The probability that $\dfrac{p-1}2$ is square-free

Let $Q(x)$ denote the number of square-free integers between $1$ and $x$, we obtain the approximation

$$\eqalign{ &Q(x)\approx x\prod_{p\,{\rm prime}}\left(1-\dfrac1{p^2}\right)=x\prod_{p\,{\rm prime}}\dfrac{1}{\left(1-\tfrac1{p^2}\right)^{-1}} \\ &Q(x)\approx x\prod_{p\,{\rm prime}}\dfrac1{1+\tfrac1{p^2}+\tfrac1{p^4}+\cdots}=\dfrac x{\sum_{k=1}^\infty\tfrac1{k^2}}=\dfrac x{\zeta(2)}. }$$

Thus the asymptotic density of squarefree integers is $\dfrac{6}{\pi ^2}.$

Let $P(n)$ denote the number of odd primes $p$ among the first $n$ primes for which $\dfrac{p-1}2$ is square-free, see also A066651. I guess it may be true that $\dfrac{P(n)}{n}\approx \dfrac{Q(n)}{n} \approx \dfrac{1}{\zeta (2)}\approx 0.607927.$

I run a program to check my conjecture and get some results:

$$ \begin{array}{c|lcr} n &\text{P(n)}& \text{P(n)/n} \\ \hline 10 & 7 & 0.7\\ 10^2 & 59 & 0.59\\ 10^3 & 567 & 0.567\\ 10^4 & 5604 & 0.5604\\ 10^5 & 56182 & 0.56182\\ 10^6 & 561104 & 0.561104\\ \end{array} $$

Now we can see that $\dfrac{P(n)}{n}$ is getting smaller when $n$ is getting greater (except for $n$ from $10^4$ to $10^5$), hence it's very likely that $$\lim_{n\to \infty}\dfrac{P(n)}{n}\lt \dfrac{6}{\pi^2}.$$

I'm not sure if this is another example of Strong Law of Small Numbers, so that $\dfrac{P(n)}{n}$ will $\to \dfrac{6}{\pi^2}$ when $n$ is big enough.

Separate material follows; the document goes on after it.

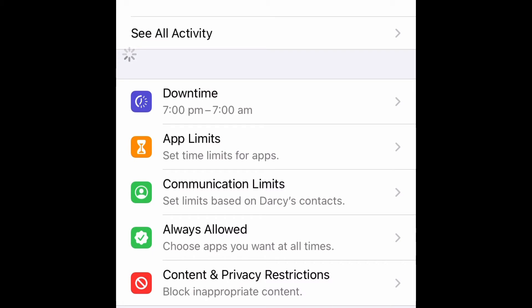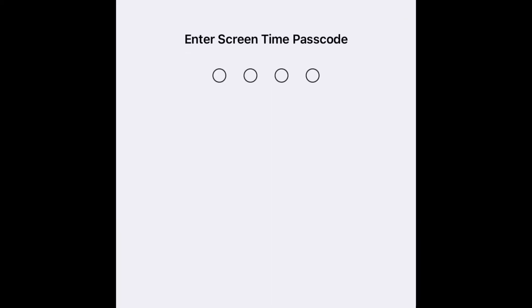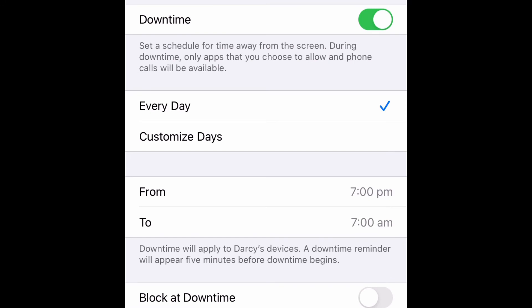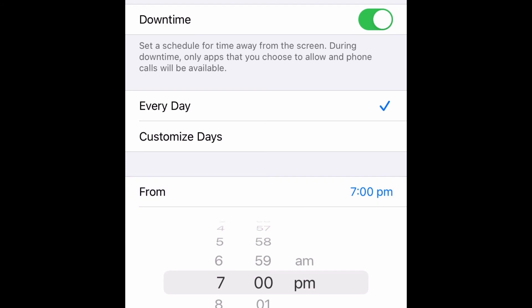Some parents prefer a little bit earlier. I'm going into Downtime now, as you can see just here, and I'm going to tap on that. It will require my passcode. I've got Downtime toggled on — you will have to toggle it on.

Hence, there are two problems:

• Does $\lim_{n\to \infty}\dfrac{P(n)}{n}$ exist?

• Is it true that $\lim_{n\to \infty}\dfrac{P(n)}{n}=\dfrac{6}{\pi^2}$?

Any tips or help is welcome, thanks in advance!

By Mirsky's result mentioned in this other question, the asymptotic density of primes $p$ such that $p-1$ is square free is $$\prod_p \left(1 - \frac{1}{p(p-1)} \right) = C_{\text{Artin}} = 0.3739558…$$ otherwise known as Artin's constant. To modify this to find the asymptotic density of primes $p$ such that $(p-1)/2$ is square free, we should slightly modify this formula to be: $$\left(1 - \frac{1}{2^2(2-1)} \right) \prod_{p \neq 2} \left(1 - \frac{1}{p(p-1)} \right) = \frac{3}{2}C_{\text{Artin}} = 0.5609337…$$ which matches your experimental results quite well!